### WHAT YOU WILL DO
After locating the line with "Zbliżenie na czarny", set down that line and all the lines that follow it, unchanged, to the end of the records; omit the pictures.

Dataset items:

==*==

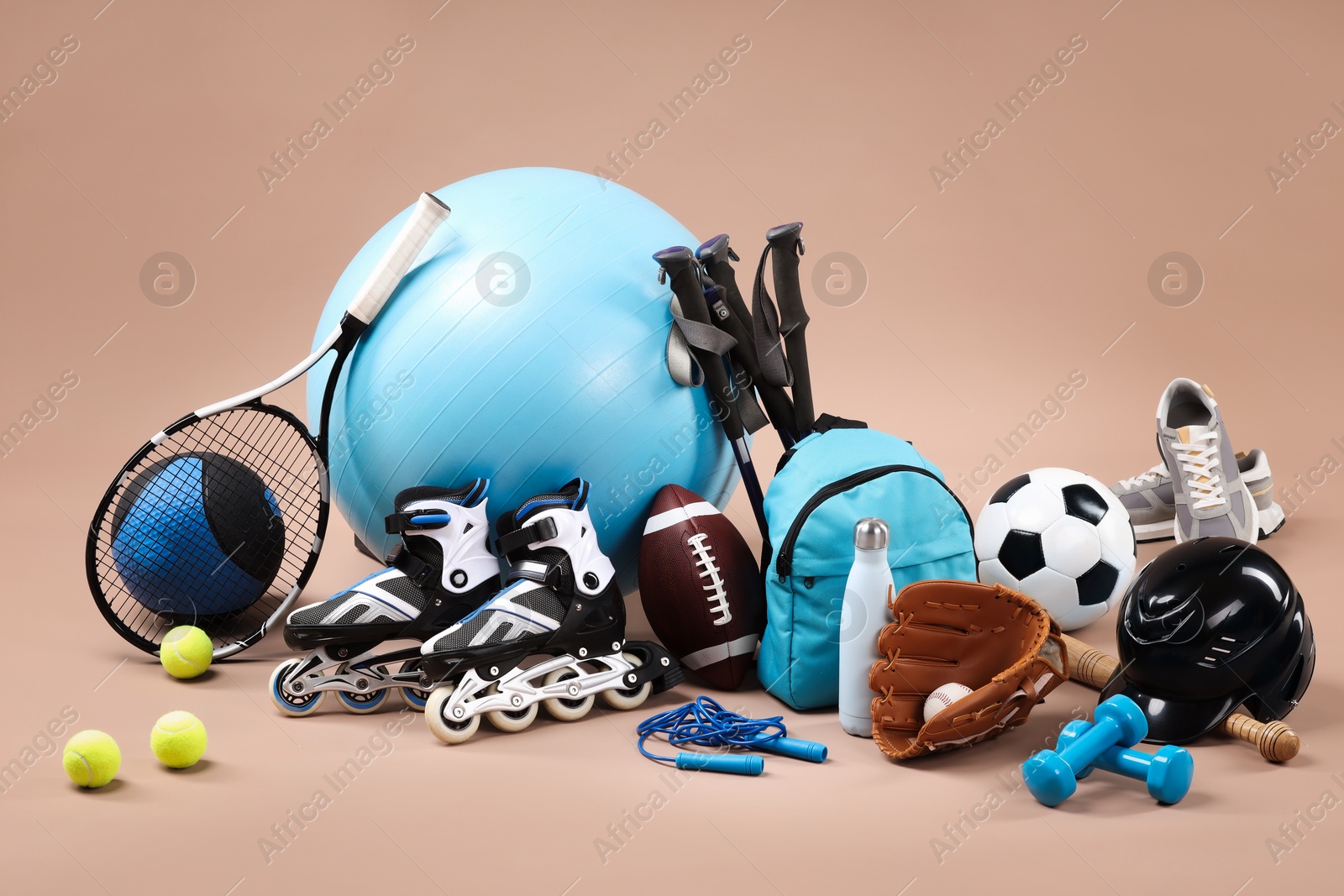 Photo of Many different sports equipment on beige background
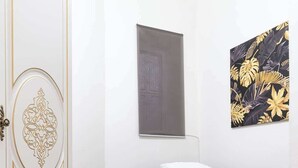 A bedroom with a bed, a wardrobe, a window, and a wall with a tropical leaf pattern.
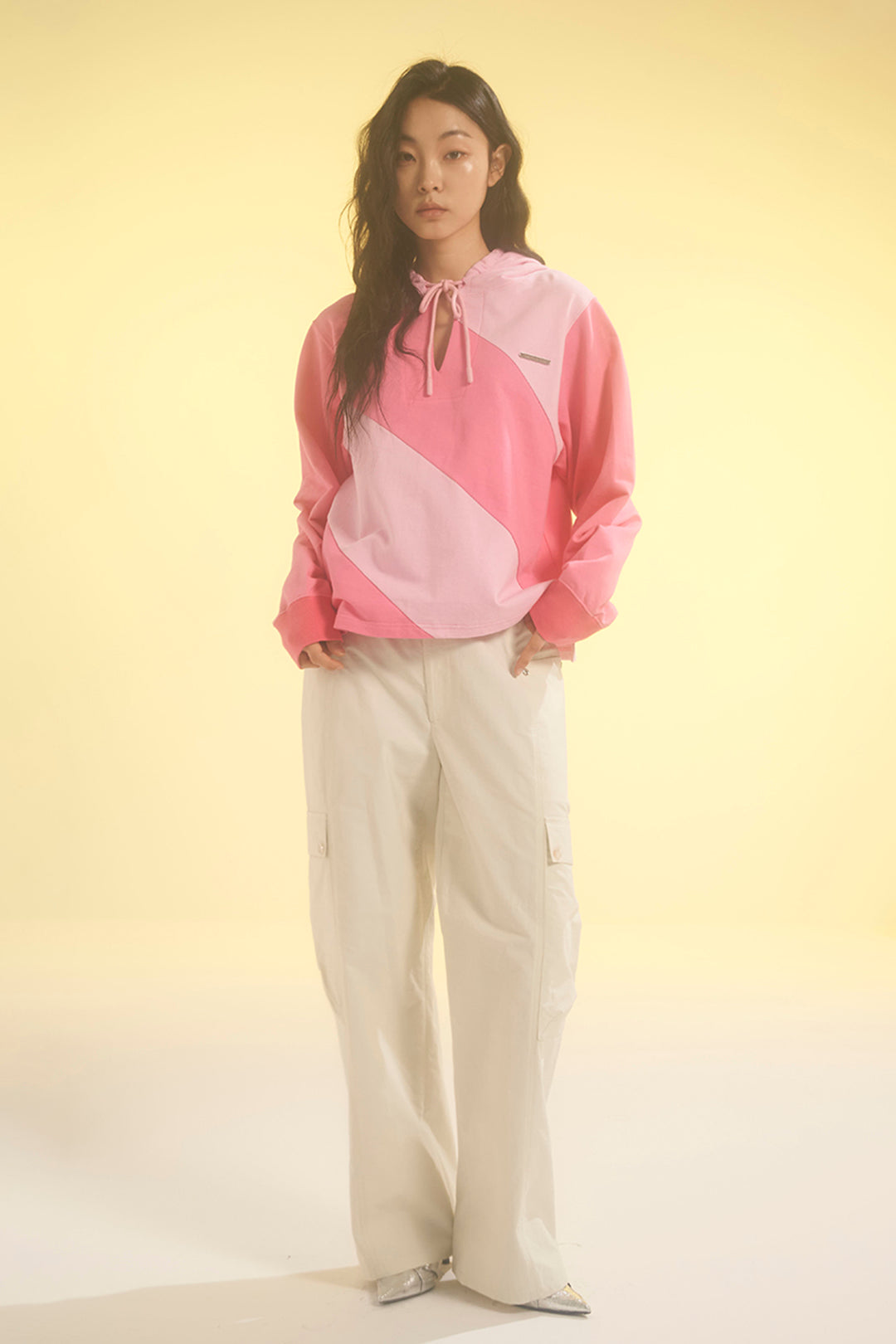 Pink LOVE CRAZY WILD MAN diagonal hoodie with bold graphic design and relaxed fit, displayed on a plain background.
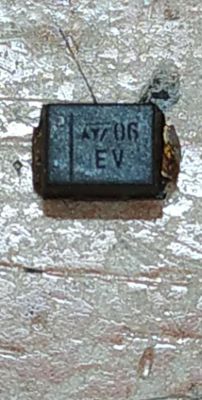 Zbliżenie na czarny komponent SMD z oznaczeniem A7 06 EV na metalizowanej płytce.
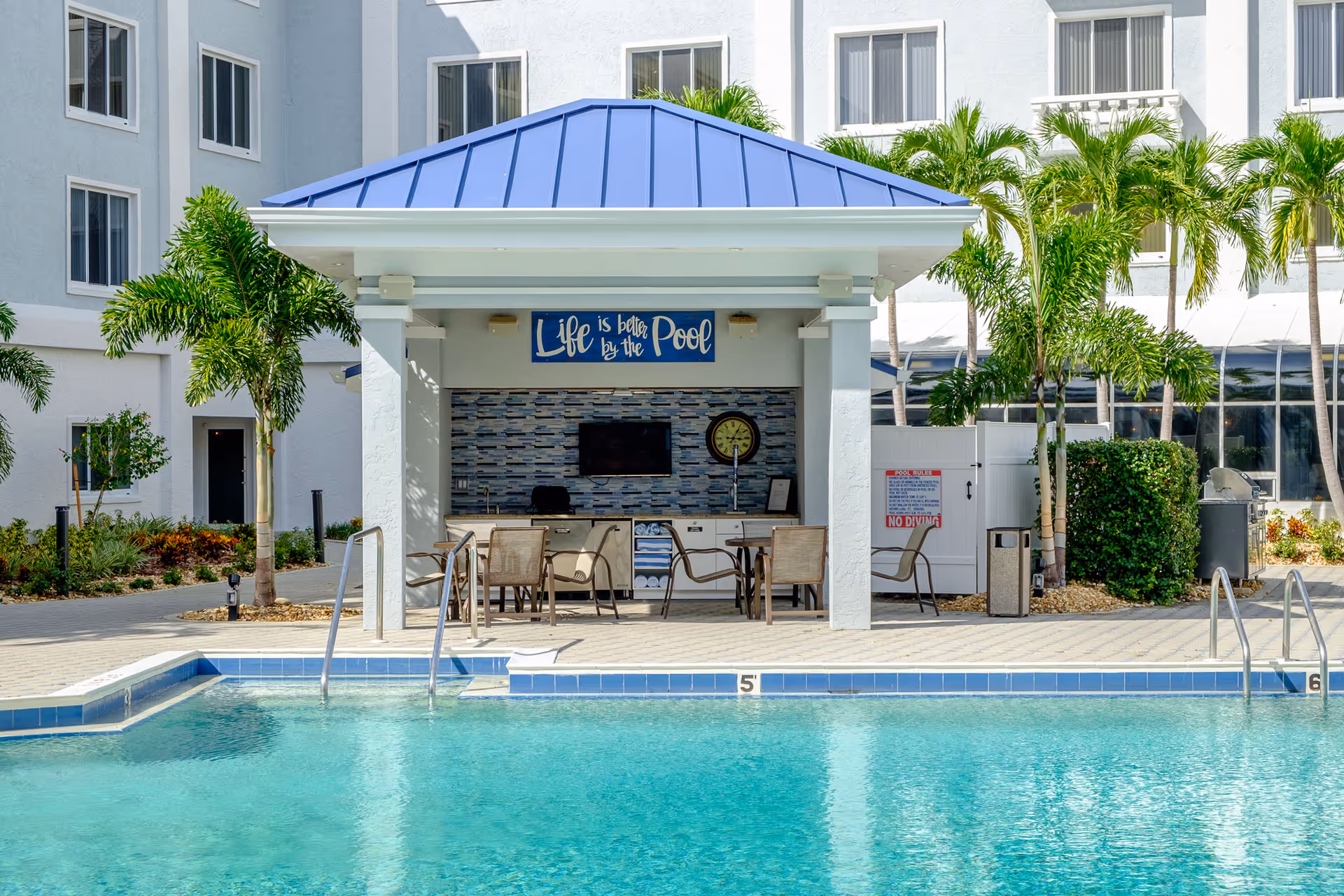 Outdoor swimming pool with a blue-roofed poolside pavilion reading 'Life is better by the Pool', chairs, and palm trees in front of a white building.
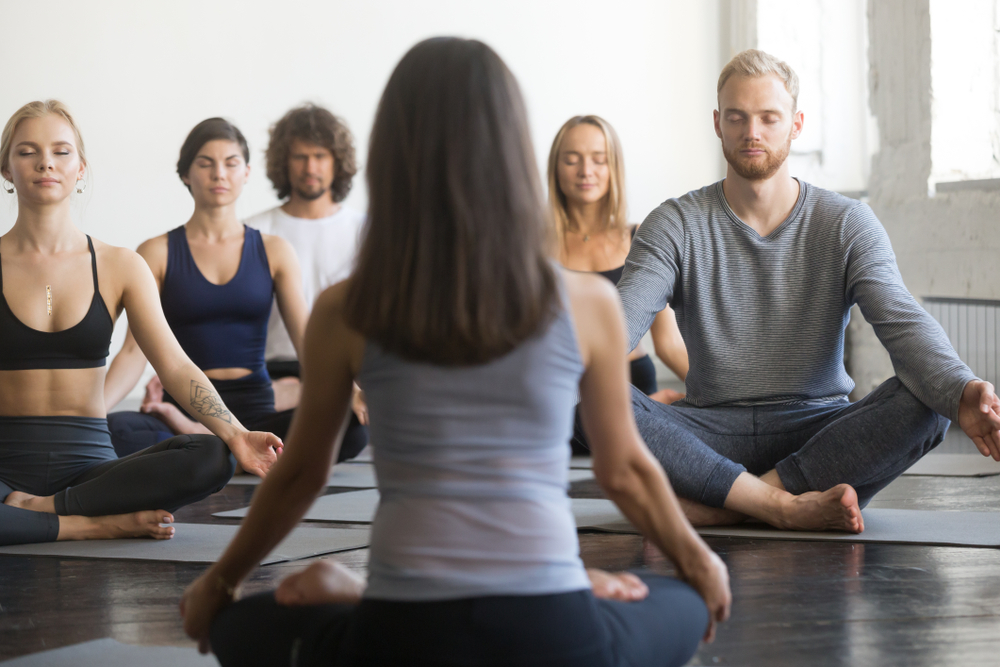 Group,Of,Young,Sporty,People,Practicing,Yoga,Lesson,With,Instructor,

==*==

### SOLUTION FOR THIS EXERCISE
 Zbliżenie na czarny komponent SMD z oznaczeniem A7 06 EV na metalizowanej płytce.
 Outdoor swimming pool with a blue-roofed poolside pavilion reading 'Life is better by the Pool', chairs, and palm trees in front of a white building.
 Group,Of,Young,Sporty,People,Practicing,Yoga,Lesson,With,Instructor,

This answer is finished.